Every line from the one containing "Evet, ben kazandım." to the last line of the listing below should be given again exactly.
(INPUT MATERIAL Opens)
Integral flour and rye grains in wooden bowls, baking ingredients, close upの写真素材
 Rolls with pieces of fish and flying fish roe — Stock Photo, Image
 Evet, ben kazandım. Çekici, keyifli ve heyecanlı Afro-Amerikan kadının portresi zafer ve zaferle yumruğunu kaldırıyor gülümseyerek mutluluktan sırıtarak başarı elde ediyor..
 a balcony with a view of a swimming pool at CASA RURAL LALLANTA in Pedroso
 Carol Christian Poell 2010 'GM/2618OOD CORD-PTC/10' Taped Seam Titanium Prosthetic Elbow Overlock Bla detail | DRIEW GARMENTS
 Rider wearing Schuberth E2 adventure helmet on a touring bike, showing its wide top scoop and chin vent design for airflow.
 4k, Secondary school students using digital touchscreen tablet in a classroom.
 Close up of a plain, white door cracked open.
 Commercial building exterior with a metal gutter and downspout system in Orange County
(INPUT MATERIAL Closes)
[RESULT OF THE TASK]
 Evet, ben kazandım. Çekici, keyifli ve heyecanlı Afro-Amerikan kadının portresi zafer ve zaferle yumruğunu kaldırıyor gülümseyerek mutluluktan sırıtarak başarı elde ediyor..
 a balcony with a view of a swimming pool at CASA RURAL LALLANTA in Pedroso
 Carol Christian Poell 2010 'GM/2618OOD CORD-PTC/10' Taped Seam Titanium Prosthetic Elbow Overlock Bla detail | DRIEW GARMENTS
 Rider wearing Schuberth E2 adventure helmet on a touring bike, showing its wide top scoop and chin vent design for airflow.
 4k, Secondary school students using digital touchscreen tablet in a classroom.
 Close up of a plain, white door cracked open.
 Commercial building exterior with a metal gutter and downspout system in Orange County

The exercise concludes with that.